▸ **DATASET SECTION**
[Start of section]
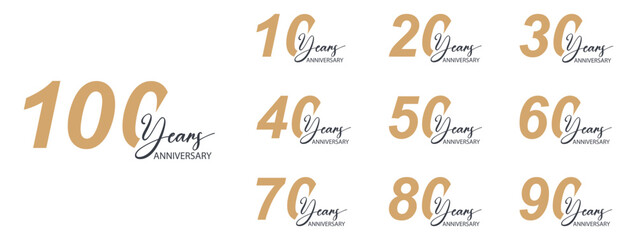 Anniversary numbers typography for celebrating milestone years with elegant script. Minimal and stylish black and gold concept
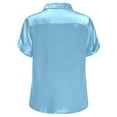 thumbnail image 5 of dazeni Women's Elegant Cowl Neck Satin Shirts Smooth Short Sleeve Lapel Business Blouses Casual Office Work Dressy Tops Light Blue X-Large, 5 of 8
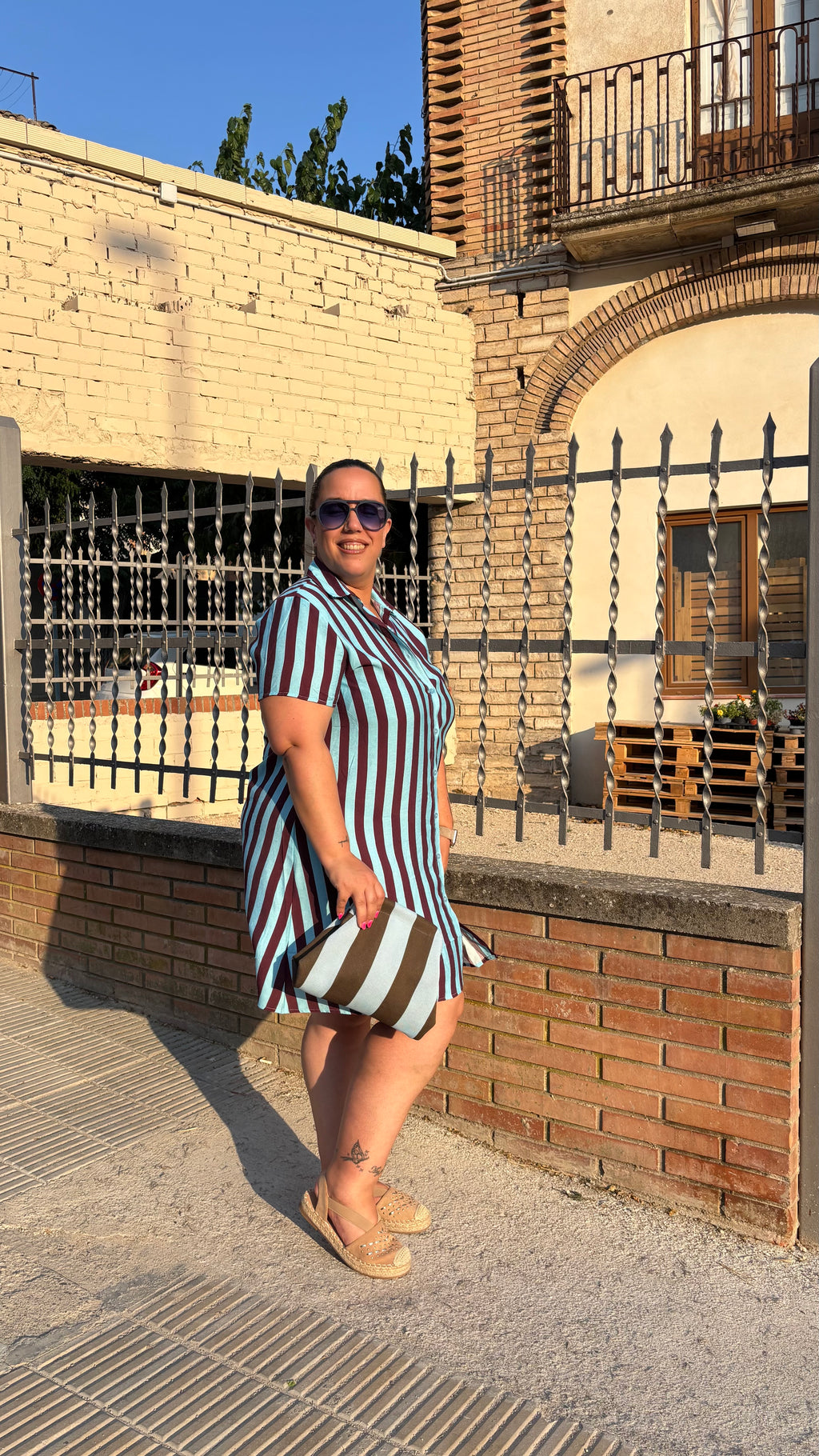 Vestido camisero rayas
[End of section]
▸ **AIM OF THE EXERCISE**
Print the material again word for word. Please drop every picture.

▸ **OUTPUT OF THE EXERCISE**
 Anniversary numbers typography for celebrating milestone years with elegant script. Minimal and stylish black and gold concept
 thumbnail image 5 of dazeni Women's Elegant Cowl Neck Satin Shirts Smooth Short Sleeve Lapel Business Blouses Casual Office Work Dressy Tops Light Blue X-Large, 5 of 8
 Vestido camisero rayas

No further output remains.